(DATA SECTION Opens)
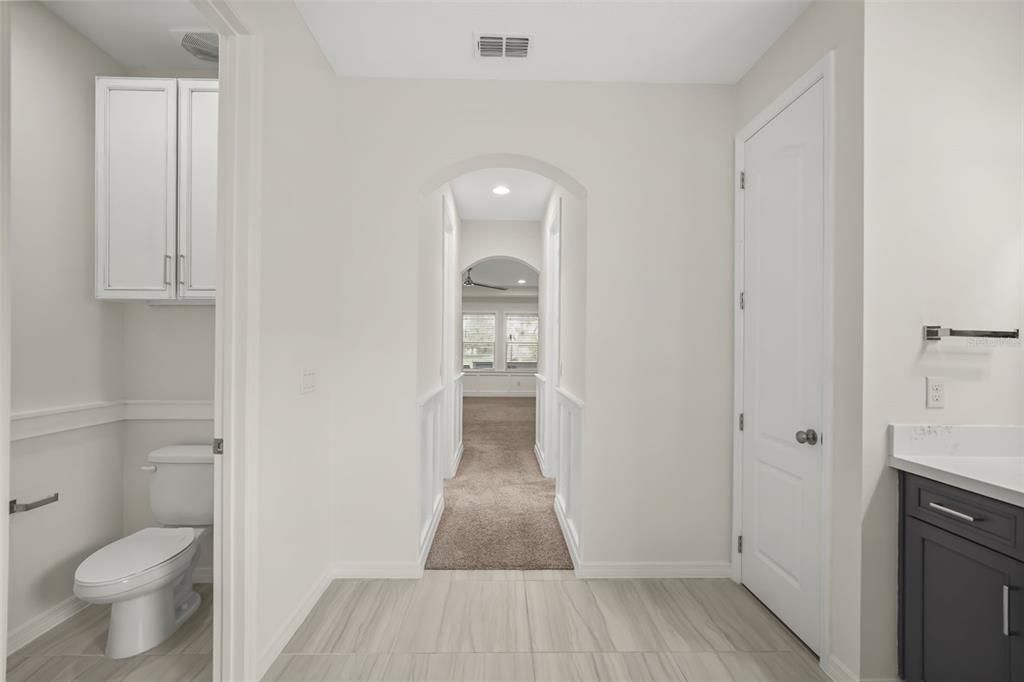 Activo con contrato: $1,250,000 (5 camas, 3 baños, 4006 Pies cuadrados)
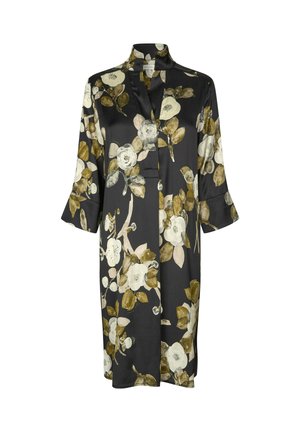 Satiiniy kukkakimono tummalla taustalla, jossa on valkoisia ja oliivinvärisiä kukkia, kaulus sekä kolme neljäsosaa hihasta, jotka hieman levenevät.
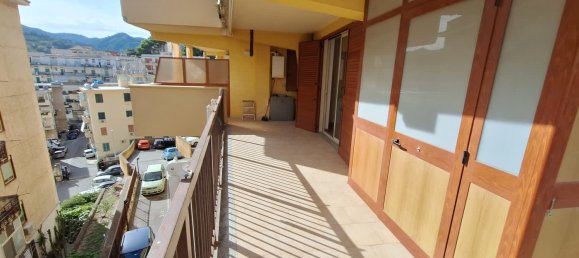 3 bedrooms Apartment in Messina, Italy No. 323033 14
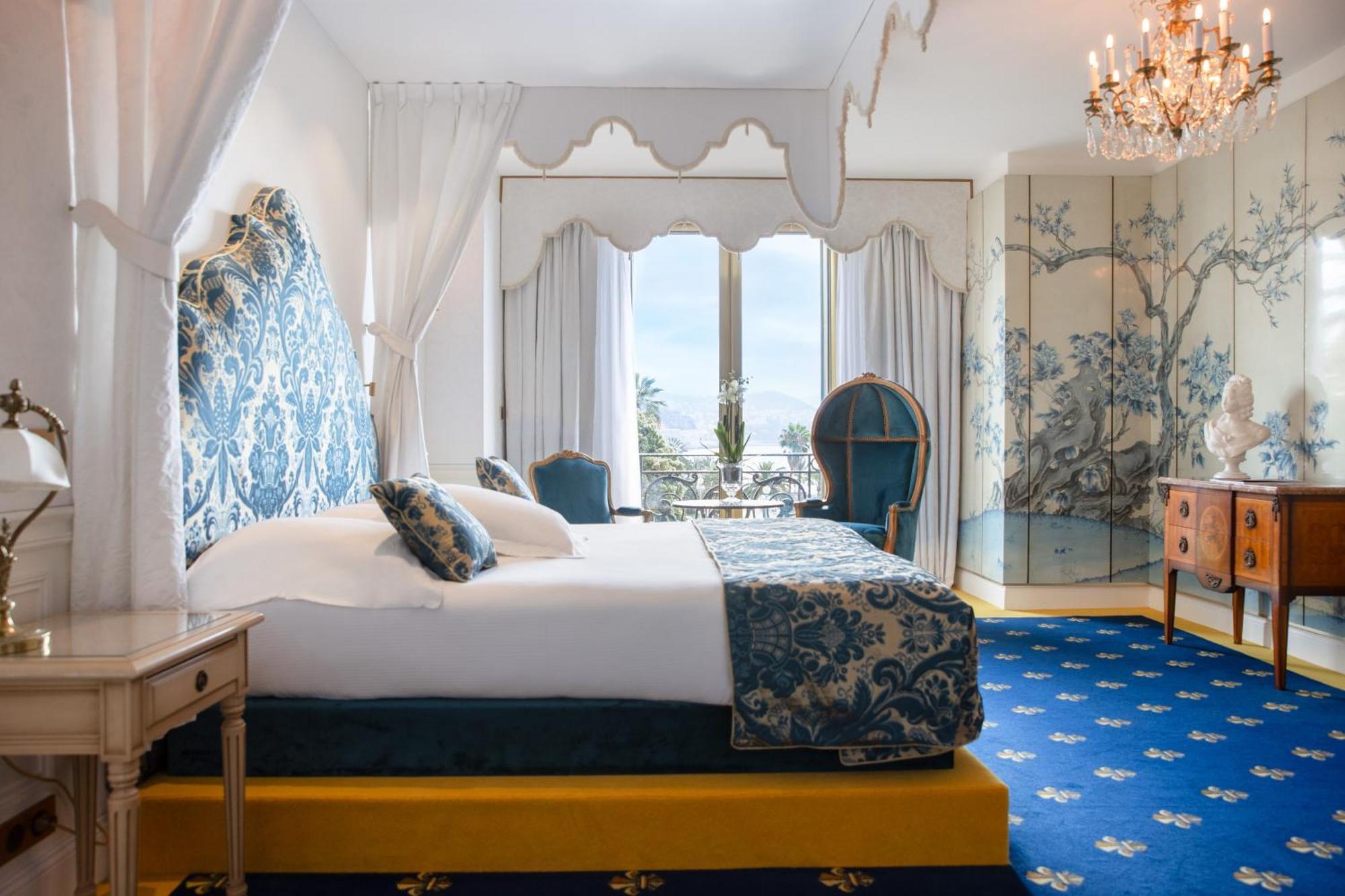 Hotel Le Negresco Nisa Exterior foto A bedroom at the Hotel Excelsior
(DATA SECTION Closes)
▶ **WHAT THIS TASK INVOLVES**
Give the data again exactly as it stands, apart from the pictures.

▶ **OUTPUT OF THE TASK**
 Activo con contrato: $1,250,000 (5 camas, 3 baños, 4006 Pies cuadrados)
 Satiiniy kukkakimono tummalla taustalla, jossa on valkoisia ja oliivinvärisiä kukkia, kaulus sekä kolme neljäsosaa hihasta, jotka hieman levenevät.
 3 bedrooms Apartment in Messina, Italy No. 323033 14
 Hotel Le Negresco Nisa Exterior foto A bedroom at the Hotel Excelsior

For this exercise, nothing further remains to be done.